To get a rough idea of how Georgia’s recruiting has stacked up against the past ten national champions, let’s look at the Rivals class rankings for the teams that attempted to defend those titles. This is the four-year average (including the incoming class following the title) that should make up the bulk of players on those teams that tried to repeat. Admittedly, this is an extremely crude method and doesn’t account for transfers, redshirts, or early draft entrants – we’re just trying to make a generalization.

2011: Alabama (#1 2009 – #5 2010 – #1 2011 – #1 2012) Avg: 2
2012: Alabama (#5 2010 – #1 2011 – #1 2012 – #1 2013) Avg: 2
2013: Florida State (#2 2011 – #6 2012 – #10 2013 – #4 2014) Avg: 5.5
2014: Ohio State (#4 2012 – #2 2013 – #3 2014 – #9 2015) Avg: 4.5
2015: Alabama (#1 2013 – #1 2014 – #2 2015 – #1 2016) Avg: 1.25
2016: Clemson (#13 2014 – #4 2015 – #6 2016 – #22 2017) Avg: 11.25
2017: Alabama (#2 2015 – #1 2016 – #1 2017 – #7 2018) Avg: 2.75
2018: Clemson (#6 2016 – #22 2017 – #8 2018 – #9 2019) Avg: 11.25
2019: LSU (#8 2017 – #14 2018 – #3 2019 – #4 2020) Avg: 7.25
2020: Alabama (#7 2018 – #2 2019 – #3 2020 – #1 2021) Avg: 3.25
2021: Georgia (#1 2019 – #1 2020 – #5 2021 – #3 2022) Avg: 2.5

You see why you have to exclude Alabama from any analysis. But it seems as if Georgia finds itself in as good of a position talent-wise following their title as any program not named Alabama. This recruiting edge helps to explain Smart’s confidence that Georgia is a program built to be sustained, and it’s the source of the hope that Georgia might be able to avoid the hangover about which Connelly cautioned.

(Since we have the numbers, a few more thoughts…)

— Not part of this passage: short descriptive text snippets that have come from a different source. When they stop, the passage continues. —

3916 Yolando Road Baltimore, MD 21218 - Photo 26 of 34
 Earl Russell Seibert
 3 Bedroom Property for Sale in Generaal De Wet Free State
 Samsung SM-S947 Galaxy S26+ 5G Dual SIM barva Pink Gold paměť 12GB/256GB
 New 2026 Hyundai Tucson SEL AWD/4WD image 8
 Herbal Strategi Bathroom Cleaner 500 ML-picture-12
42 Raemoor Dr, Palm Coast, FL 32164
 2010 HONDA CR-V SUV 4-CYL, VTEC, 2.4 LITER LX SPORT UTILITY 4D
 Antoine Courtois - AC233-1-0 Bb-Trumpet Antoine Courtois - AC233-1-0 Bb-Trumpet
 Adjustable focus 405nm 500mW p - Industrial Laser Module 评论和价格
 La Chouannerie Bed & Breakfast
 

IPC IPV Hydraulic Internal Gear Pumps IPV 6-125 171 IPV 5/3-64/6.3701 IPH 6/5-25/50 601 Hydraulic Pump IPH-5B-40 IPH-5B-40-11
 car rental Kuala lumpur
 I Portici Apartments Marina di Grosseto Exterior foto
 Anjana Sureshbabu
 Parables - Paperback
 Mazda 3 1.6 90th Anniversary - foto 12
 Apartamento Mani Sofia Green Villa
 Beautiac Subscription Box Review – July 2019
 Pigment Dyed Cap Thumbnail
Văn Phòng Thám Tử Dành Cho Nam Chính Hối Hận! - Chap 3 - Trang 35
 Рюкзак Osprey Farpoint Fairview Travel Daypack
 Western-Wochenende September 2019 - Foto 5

  • Since 2011, only one program has signed the #1 class after winning the national title: Alabama. They’ve done it four times. That’s a good way to make sure you’re back year after year after year after…
  • The average non-Alabama signing class following a title ranks only about eighth. Even removing Clemson’s #22 class in 2017, the average is around sixth. A title doesn’t mean a guaranteed top-five class is on the way. Georgia’s #3 class in 2021 is the highest-rated class of any non-Alabama defending champion.
  • Trevor Lawrence and an ACC schedule can take you a long way.
  • Is it fair to ask whether the post-Heisman hangover is a bigger problem for most programs than the post-title hangover?